Laura grinned. She was a beautiful woman, with soft dark hair, startlingly blue eyes and cameo features. And she always seemed so young that Donna had stopped calling her "Aunt" years ago.

"It's really beautiful hair, so thick and shiny." Laura touched Donna's black curtain of hair.

"And straight," said Donna with a laugh. "I'm afraid the Asian genes determined the hair. But once I get it bent at the bottom, it stays. Like florists' wire."

"Oh, come on!" Laura laughed, too. "It's soft and gorgeous, and you know it." She tucked her arm through Donna's and headed across the busy lobby. "One thing about Eurasians, they usually seem to get the best of both races. I'm glad your natural mother chose a Chinese man as your father."

Donna nodded at the green-liveried doorman, and led the way outside. "With all due respect to Prairie, wherever she may be today, I don't think she chose, Laura. I think I was just an accident. Poor little Prairie's life is a continuous series of happenstances." Prairie Crawford's image, her long, tow-colored hair, and her flapping clothes, came and went quickly. "I hope she's doing okay," Donna murmured, almost to herself.

"Have you seen her recently?" Laura asked.

"Two, maybe three years ago, she turned up in Vancouver for a couple of days. Mom and Dad are certainly great with her, I must say. If I had an adopted child, I don't know how laid-back I'd be if the birth mother came strolling in every once in a while."
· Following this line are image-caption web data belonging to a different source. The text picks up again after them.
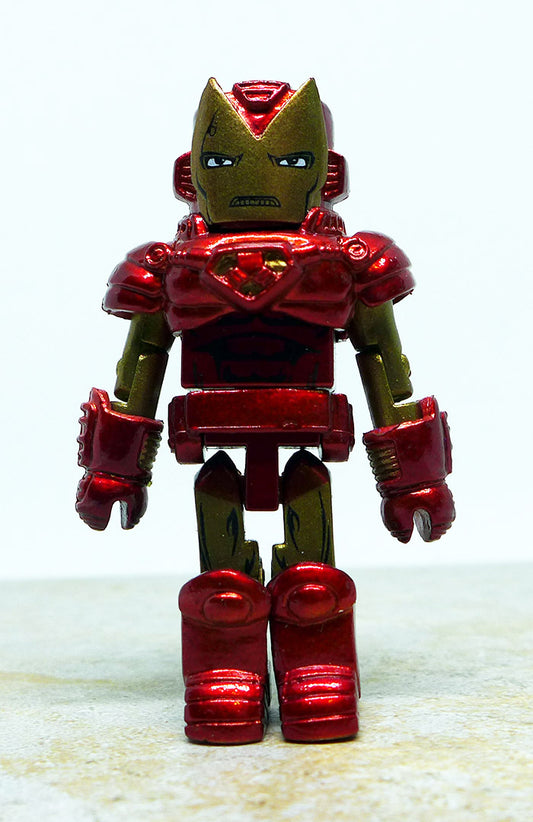 Minimates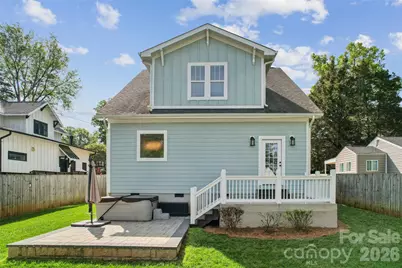111 N Turner Avenue, Charlotte, NC 28216 - Photo 39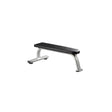 York Commercial Flat Bench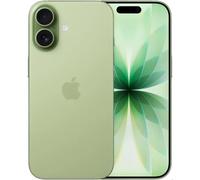 Apple iPhone 17 256GB Verde Salvia - “Open Box” (Salud Batería Original 100% / 0 Ciclos Carga )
"Evan and Sara are special people," Laura said thoughtfully, shading her eyes against the sun to look at Donna. "Prairie Crawford should see you now. You've become absolutely exotic."

"So Dad always says. To hear him, you'd think I was a raving beauty. Let's hurry. I'm starved."

"Yes, me, too, and I promised Bruce I'd get us a good table. He called this morning, and I invited him to join us. I like to keep tabs on that cousin of mine. He doesn't always take very good care of himself these days. I hope you don't mind if he comes," Laura said, quickening her pace.

"No, Bruce is fun," Donna replied, without missing a beat. She had already realized she'd better tell Laura how she felt about Bruce, but not yet, not this instant. She'd know the time when it came.

"He'll meet us at the restaurant. He even told me what to order for him. He was gearing up for some report he wanted to go over with Mark, and he expected to be a bit late." Laura paused, then added, "I wish those two got along better. Come on, we've got the green light."

They went with the rest of the surging tide of people going to lunch in the financial district. A blast of cool wind plastered their clothing against their bodies. Buildings of dark shining marble and sparkling glass soared around them, creating man-made canyons beneath the clear blue of San Francisco's summer skies.

Donna's mind held on to Laura's last comment about Bruce, as it always held on to any idea about Bruce, until they were seated in the restaurant. Bruce was the Fenton part of the firm, the only remaining member of his family — at the moment. Bruce's father, George Fenton, and Mark's father, William, had been the founding partners of Fenton and Hunt. With both older men dead, their sons, Mark being the senior partner, held the reins, administrating what had become a huge and celebrated corporate law practice.

"I didn't know they didn't get along," Donna said tentatively, holding the menu open before her.

"Who?" Laura asked. "Oh, Bruce and Mark? They never have, really. I think they like each other a lot, but their differences over the business get in the way. They try to keep the peace for my sake, because Bruce is my cousin, and we've…well, we've become very close. And I must say Mark has always bent over backward to be nice to Bruce — and about him.